**MATERIAL SHOWN**
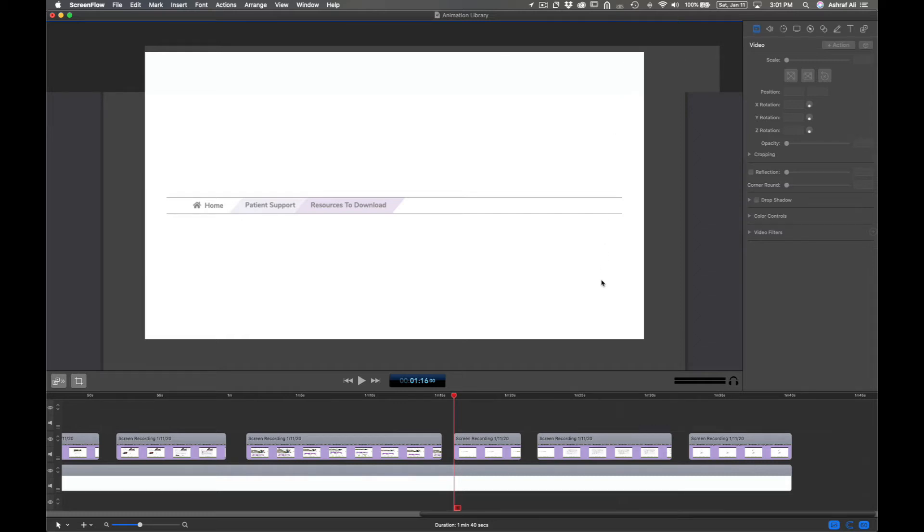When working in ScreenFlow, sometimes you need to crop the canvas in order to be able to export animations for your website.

* * *

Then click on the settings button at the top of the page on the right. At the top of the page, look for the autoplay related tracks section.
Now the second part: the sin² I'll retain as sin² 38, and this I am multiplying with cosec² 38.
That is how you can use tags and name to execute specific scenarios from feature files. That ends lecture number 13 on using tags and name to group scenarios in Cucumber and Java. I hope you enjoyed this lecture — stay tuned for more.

...

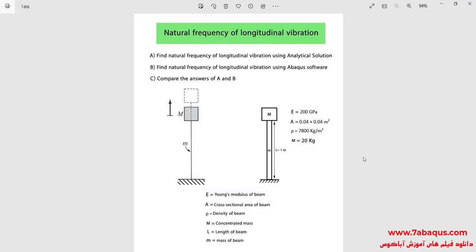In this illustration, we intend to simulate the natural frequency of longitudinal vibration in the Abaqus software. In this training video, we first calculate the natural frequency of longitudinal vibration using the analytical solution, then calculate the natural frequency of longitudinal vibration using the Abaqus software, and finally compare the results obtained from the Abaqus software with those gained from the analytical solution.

**YOUR GOAL**
In the listing above, transcribe exactly everything from the line containing "Then click on" down to the line containing "That is how", including both and nothing more.

**YOUR RESPONSE**
Then click on the settings button at the top of the page on the right. At the top of the page, look for the autoplay related tracks section.
Now the second part: the sin² I'll retain as sin² 38, and this I am multiplying with cosec² 38.
That is how you can use tags and name to execute specific scenarios from feature files. That ends lecture number 13 on using tags and name to group scenarios in Cucumber and Java. I hope you enjoyed this lecture — stay tuned for more.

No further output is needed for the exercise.